Records supplied:
+ + + +

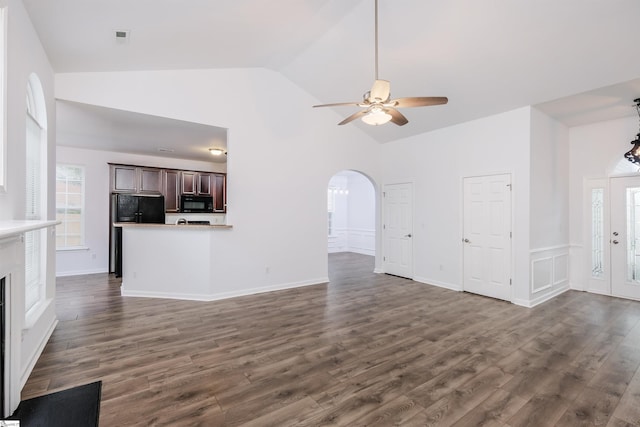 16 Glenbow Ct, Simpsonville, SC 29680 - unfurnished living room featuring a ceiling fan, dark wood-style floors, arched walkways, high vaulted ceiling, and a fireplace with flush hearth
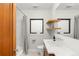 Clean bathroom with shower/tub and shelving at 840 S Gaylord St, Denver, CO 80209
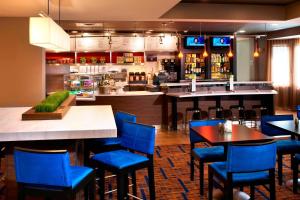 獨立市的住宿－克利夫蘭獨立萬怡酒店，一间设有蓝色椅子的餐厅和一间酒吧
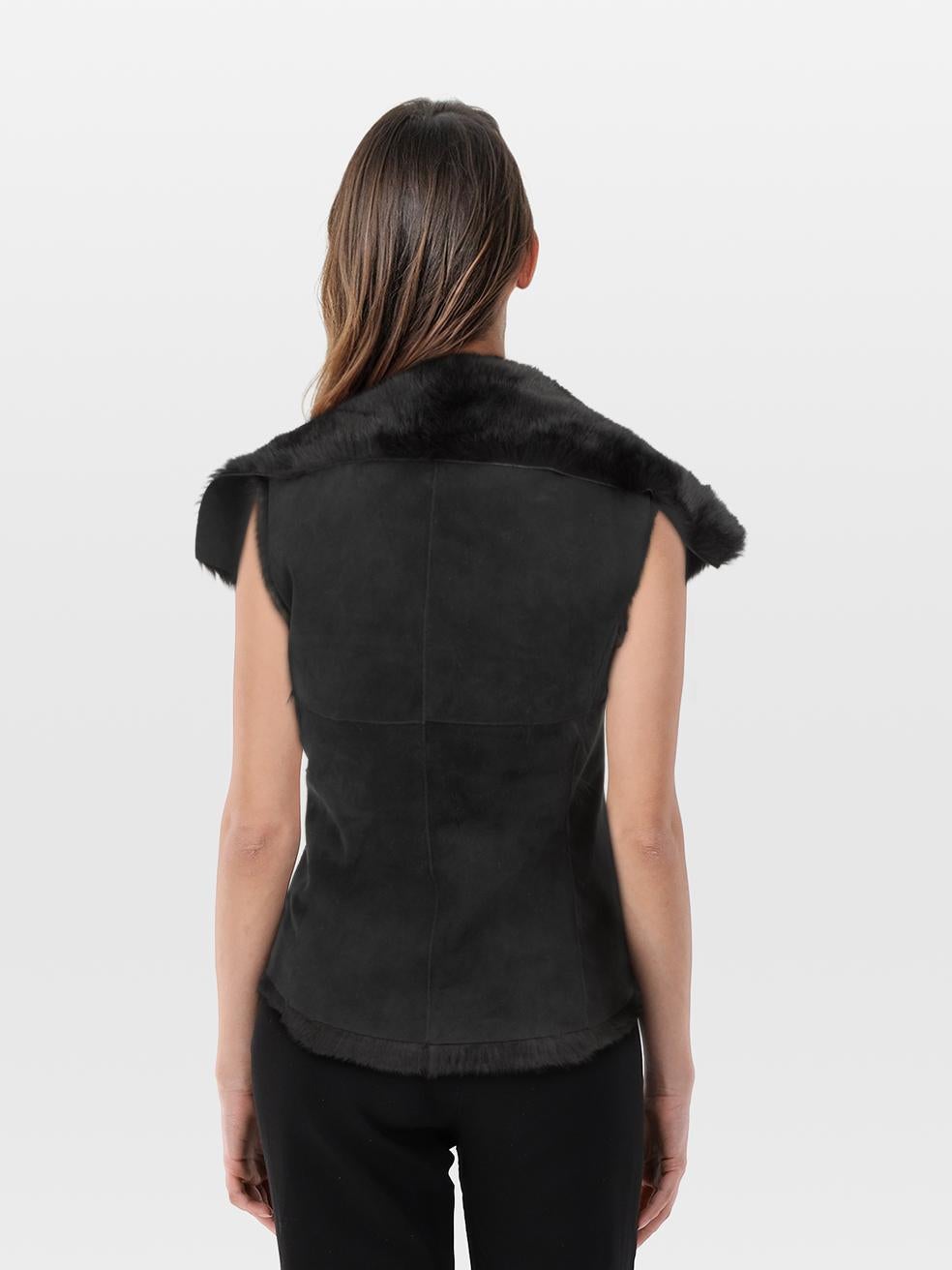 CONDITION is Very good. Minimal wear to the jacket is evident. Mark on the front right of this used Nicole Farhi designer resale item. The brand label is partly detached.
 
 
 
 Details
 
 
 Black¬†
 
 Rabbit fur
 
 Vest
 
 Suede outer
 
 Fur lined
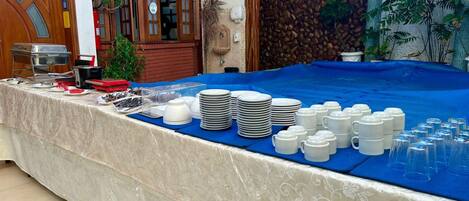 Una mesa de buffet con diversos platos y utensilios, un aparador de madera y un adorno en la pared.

+ + + +

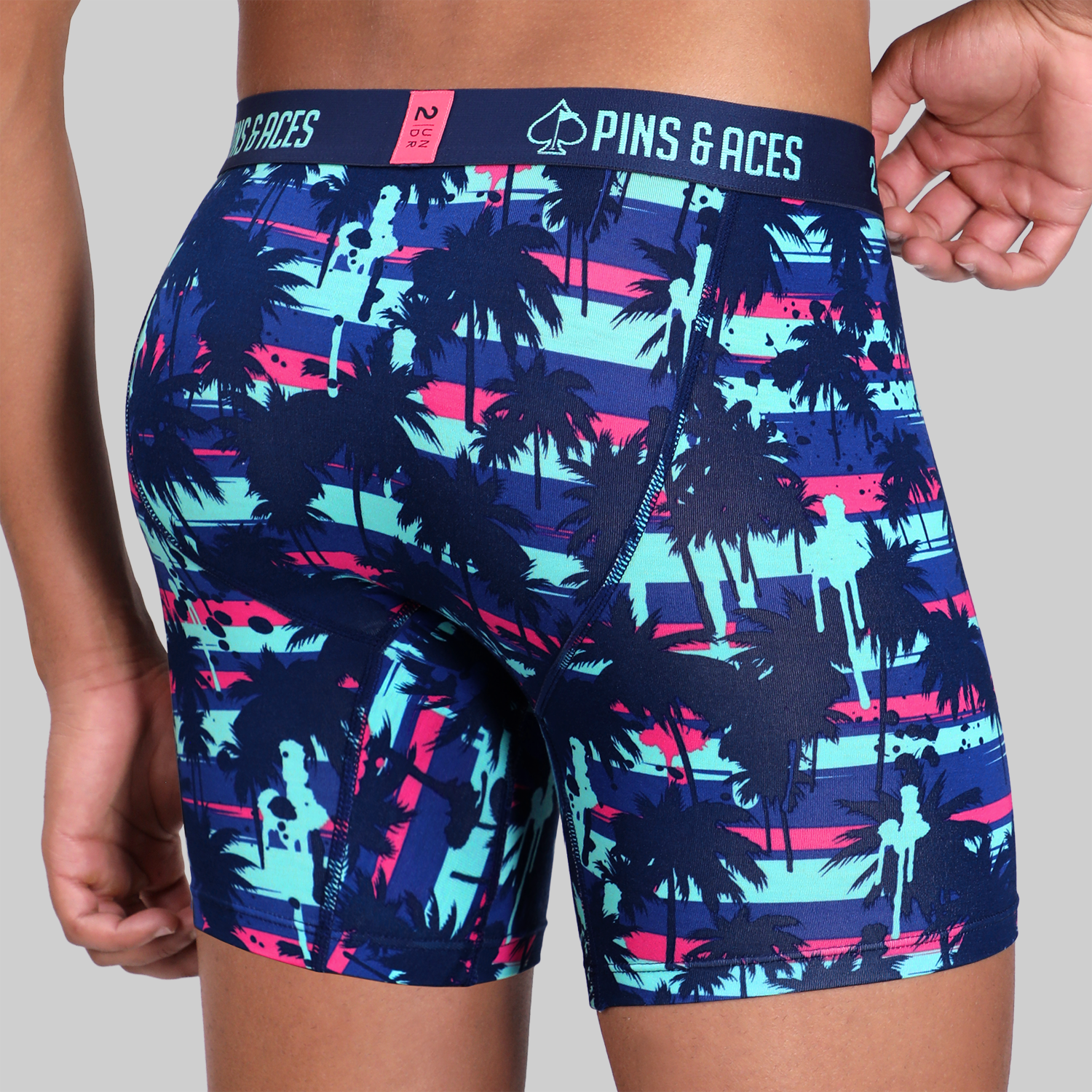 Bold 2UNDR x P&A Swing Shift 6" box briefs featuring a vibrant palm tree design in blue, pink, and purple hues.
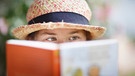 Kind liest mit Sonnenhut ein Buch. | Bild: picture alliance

+ + + +

Exercise instructions:
Above are some records; quote exactly and only the lines that begin at the line containing "16 Glenbow Ct, Simpsonville, SC" and stop after the line containing "Clean bathroom with", leaving out the pictures.

Task output:
 16 Glenbow Ct, Simpsonville, SC 29680 - unfurnished living room featuring a ceiling fan, dark wood-style floors, arched walkways, high vaulted ceiling, and a fireplace with flush hearth
 Clean bathroom with shower/tub and shelving at 840 S Gaylord St, Denver, CO 80209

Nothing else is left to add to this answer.